The flagship 13.3-inch model comes in at just 14.8mm thick and 1.28kg heavy, which is pretty good given that you get an Intel Core i5-6200U “Skylake-U” processor (dual core, base frequency at 2.3GHz, turbo up to 2.7GHz) plus an NVIDIA GeForce 940MX GPU (with 1GB GDDR5 RAM). Of course, Xiaomi just had to point out that this is thinner and lighter than the 13-inch MacBook Air, though it doesn’t use a wedge design so it’s still bulkier. You also get 8GB of DDR4 RAM, 256GB of SSD via PCIe and one free SATA slot for expansion (but only serviced by Xiaomi).
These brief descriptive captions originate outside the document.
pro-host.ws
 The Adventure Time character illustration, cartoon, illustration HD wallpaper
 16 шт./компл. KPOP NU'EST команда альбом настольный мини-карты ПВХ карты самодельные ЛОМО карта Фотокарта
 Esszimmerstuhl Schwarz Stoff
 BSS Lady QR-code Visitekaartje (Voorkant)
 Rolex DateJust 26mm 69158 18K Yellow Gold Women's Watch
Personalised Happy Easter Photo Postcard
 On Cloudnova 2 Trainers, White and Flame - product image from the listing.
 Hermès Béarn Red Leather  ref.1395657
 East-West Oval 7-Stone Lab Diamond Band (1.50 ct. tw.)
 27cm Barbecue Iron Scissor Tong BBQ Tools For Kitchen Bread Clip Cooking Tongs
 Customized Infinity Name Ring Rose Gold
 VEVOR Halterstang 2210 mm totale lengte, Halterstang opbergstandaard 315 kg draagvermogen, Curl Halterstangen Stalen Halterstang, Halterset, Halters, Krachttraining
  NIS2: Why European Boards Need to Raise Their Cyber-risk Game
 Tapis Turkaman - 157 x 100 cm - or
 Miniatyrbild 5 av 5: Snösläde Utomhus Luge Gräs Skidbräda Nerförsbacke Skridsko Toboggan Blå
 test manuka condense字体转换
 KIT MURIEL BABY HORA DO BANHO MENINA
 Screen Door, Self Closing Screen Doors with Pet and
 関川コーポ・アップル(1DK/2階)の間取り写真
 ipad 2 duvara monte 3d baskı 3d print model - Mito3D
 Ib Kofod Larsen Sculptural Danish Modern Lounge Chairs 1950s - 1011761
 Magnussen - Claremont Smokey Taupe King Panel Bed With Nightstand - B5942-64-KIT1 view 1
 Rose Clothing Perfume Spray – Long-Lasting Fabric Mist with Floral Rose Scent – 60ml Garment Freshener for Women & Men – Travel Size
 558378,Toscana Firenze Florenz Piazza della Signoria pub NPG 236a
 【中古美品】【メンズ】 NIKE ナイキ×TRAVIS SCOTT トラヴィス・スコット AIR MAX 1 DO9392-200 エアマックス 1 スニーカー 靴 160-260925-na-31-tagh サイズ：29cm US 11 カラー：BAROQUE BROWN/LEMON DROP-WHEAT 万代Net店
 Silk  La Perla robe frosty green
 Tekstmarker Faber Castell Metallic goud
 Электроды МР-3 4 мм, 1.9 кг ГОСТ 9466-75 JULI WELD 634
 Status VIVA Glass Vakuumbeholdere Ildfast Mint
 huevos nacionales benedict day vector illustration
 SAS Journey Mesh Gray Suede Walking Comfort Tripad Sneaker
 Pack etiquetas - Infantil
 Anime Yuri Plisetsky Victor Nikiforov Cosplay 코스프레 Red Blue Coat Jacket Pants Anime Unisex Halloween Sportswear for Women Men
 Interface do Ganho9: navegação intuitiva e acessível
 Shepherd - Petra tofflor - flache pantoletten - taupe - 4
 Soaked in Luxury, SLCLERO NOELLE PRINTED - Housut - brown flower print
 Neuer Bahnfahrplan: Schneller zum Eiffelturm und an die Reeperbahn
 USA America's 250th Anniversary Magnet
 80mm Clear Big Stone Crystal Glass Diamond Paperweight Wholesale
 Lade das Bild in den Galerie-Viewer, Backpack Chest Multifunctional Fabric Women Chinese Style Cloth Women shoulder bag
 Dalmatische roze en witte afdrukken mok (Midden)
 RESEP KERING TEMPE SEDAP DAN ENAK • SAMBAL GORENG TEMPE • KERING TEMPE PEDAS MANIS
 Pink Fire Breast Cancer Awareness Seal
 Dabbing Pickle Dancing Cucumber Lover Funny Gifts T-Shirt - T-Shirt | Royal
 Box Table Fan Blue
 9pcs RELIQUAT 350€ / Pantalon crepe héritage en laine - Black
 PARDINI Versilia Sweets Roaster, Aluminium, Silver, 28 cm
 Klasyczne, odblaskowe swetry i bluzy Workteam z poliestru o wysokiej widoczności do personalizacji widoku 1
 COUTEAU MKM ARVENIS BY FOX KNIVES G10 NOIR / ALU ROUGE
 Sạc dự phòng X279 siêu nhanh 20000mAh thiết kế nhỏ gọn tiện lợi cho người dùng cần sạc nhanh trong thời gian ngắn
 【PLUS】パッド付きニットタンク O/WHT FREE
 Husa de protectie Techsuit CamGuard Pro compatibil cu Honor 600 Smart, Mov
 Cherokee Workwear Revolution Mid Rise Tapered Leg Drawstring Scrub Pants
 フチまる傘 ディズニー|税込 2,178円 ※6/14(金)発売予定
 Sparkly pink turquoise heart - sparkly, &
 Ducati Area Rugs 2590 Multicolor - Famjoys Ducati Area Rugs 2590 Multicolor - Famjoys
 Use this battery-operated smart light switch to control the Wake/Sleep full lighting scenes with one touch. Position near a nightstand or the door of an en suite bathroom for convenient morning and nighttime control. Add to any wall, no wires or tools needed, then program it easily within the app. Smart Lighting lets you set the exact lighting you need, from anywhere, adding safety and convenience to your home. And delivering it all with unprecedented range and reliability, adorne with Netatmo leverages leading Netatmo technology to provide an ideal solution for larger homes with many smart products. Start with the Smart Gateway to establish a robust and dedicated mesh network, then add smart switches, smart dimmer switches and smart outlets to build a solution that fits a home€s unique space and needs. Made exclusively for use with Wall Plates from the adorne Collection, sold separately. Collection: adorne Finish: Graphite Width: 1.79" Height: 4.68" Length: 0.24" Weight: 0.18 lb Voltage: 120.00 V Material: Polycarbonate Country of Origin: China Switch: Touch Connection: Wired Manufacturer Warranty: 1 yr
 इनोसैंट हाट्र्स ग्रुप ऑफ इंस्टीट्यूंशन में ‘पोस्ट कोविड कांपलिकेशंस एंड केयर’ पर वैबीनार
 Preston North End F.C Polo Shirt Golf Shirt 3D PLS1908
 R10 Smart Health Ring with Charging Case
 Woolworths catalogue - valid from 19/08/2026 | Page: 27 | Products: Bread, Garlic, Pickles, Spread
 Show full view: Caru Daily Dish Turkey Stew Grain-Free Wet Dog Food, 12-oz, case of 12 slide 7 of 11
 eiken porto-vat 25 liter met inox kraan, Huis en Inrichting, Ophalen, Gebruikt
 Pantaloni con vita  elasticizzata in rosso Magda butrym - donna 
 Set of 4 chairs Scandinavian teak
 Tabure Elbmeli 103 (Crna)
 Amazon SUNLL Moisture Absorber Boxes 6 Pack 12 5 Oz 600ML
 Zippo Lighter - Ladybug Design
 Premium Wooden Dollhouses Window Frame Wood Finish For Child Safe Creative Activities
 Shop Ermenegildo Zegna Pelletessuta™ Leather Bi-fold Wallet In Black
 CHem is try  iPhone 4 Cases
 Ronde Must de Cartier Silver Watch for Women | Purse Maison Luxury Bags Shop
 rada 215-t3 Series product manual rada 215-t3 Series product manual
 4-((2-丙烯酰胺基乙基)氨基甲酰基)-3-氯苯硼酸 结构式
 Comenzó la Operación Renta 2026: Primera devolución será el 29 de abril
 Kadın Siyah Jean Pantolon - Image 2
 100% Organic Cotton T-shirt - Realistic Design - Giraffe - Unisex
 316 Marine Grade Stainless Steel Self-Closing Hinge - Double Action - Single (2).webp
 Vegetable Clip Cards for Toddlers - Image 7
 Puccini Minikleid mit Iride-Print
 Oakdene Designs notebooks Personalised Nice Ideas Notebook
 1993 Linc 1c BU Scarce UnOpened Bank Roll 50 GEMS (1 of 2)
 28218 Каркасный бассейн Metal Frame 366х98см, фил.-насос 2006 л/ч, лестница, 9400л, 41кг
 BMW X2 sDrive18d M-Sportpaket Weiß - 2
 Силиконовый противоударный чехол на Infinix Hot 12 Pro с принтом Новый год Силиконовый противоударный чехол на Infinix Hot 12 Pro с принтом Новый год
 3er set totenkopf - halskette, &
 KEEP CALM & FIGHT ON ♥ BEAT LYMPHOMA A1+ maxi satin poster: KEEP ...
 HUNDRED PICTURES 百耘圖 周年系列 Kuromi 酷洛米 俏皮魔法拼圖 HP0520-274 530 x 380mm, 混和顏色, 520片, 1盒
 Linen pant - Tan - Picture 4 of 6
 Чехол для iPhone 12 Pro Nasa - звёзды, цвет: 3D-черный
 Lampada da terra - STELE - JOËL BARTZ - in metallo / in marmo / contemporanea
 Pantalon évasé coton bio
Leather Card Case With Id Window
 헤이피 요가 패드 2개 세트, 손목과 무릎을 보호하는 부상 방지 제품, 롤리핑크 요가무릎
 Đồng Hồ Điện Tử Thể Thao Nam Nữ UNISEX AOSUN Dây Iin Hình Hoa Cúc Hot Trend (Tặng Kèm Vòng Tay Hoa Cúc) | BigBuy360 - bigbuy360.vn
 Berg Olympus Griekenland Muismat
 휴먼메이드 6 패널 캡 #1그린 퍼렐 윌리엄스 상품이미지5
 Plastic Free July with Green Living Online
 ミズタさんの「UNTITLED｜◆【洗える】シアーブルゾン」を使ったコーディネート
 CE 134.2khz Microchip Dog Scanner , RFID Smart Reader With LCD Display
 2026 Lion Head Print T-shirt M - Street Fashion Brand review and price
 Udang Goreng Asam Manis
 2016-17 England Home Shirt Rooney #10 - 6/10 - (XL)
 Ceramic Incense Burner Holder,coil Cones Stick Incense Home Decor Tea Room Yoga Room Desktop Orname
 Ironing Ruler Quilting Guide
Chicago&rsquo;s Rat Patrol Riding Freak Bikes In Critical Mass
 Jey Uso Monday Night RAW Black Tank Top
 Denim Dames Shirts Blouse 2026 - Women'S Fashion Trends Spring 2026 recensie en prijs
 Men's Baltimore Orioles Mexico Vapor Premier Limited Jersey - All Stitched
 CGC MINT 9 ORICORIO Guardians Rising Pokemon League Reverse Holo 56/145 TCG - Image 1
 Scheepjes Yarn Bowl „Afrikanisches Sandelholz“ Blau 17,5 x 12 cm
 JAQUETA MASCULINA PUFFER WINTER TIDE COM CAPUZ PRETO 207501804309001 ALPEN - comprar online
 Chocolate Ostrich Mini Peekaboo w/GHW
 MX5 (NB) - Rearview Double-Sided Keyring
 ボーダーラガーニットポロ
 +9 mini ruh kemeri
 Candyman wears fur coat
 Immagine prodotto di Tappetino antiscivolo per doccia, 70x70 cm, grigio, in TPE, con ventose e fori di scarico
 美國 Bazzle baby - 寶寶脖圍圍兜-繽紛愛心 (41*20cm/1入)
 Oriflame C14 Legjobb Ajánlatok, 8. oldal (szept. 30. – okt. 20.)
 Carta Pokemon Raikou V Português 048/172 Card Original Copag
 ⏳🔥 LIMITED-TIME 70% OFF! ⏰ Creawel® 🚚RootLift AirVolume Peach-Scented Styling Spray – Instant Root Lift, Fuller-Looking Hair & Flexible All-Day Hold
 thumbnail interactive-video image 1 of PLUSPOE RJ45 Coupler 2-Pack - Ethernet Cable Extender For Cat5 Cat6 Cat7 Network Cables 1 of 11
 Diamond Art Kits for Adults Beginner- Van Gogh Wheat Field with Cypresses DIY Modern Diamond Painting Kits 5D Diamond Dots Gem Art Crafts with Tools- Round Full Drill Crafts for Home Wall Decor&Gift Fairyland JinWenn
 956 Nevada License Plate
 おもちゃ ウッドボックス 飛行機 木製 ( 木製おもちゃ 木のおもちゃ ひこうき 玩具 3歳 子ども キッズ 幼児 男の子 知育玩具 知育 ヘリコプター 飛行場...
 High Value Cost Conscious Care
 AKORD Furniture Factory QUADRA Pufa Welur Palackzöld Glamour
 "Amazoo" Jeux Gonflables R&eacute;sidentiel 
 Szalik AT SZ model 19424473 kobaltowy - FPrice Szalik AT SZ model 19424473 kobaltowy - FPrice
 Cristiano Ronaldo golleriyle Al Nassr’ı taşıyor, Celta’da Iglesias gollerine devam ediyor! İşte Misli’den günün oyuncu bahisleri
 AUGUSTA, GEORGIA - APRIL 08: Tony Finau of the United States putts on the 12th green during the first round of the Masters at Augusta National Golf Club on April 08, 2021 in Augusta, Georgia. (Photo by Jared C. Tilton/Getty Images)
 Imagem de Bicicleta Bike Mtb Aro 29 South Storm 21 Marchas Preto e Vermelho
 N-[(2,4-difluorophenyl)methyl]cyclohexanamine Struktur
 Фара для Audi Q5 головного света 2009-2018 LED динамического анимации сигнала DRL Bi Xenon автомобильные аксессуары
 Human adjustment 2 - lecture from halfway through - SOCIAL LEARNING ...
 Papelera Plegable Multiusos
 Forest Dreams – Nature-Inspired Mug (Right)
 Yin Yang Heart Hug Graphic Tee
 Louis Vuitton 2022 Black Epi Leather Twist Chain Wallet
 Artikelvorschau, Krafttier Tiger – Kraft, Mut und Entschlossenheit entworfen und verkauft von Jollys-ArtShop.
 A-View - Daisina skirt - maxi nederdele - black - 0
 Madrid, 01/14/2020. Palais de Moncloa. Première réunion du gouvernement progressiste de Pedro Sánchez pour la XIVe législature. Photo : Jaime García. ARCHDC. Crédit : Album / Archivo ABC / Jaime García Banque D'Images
The 40Wh battery should be good for up to 9.5 hours, and it can go from zero to 50 percent in just half an hour using the bundled USB-C charger.
The smaller 12.5-inch model is even slimmer and lighter at 12.9mm and 1.07kg, respectively, but you’ll have to make do with an Intel Core M3 CPU, no dedicated GPU, just 4GB of RAM and just a 128GB SSD via SATA — though there’s one free PCIe slot if you don’t mind letting Xiaomi do the upgrade for you later. And instead of two USB 3.0 ports, you only get one here; but you still have an HDMI port. The upside of this model is that you get two more hours of battery life. The price? 3,499 yuan or about $520.
Much likes its bicycles, rice cookers and drones, the Mi Notebook Air is a “Mi Ecosystem” product made by a partner — in this case, it’s Tianmi which literally means “field rice.” A Xiaomi rep reasoned that the company decided to tap into the laptop market as it identified a potential market to deliver the right balance between performance and portability, as well as to make it easier for young adults to afford a PC for productivity. Still, this is a bold move considering that China’s consumer notebook market is expected to contract by 10.4 percent this year, according to IDC analyst Bryan Ma. He added that this is a steeper drop than the US’ 7.7 percent and the worldwide 9.3 percent.
So what will the Mi Notebook Air contribute to Xiaomi’s business in the long term? While it doesn’t run on MIUI (Xiaomi’s customized Android ROM), it does come with “Mi Sync” software (tentative name translated from Chinese) which should somewhat boost Mi Cloud usage. The laptop can also be automatically unlocked when your Mi Band is within a close proximity.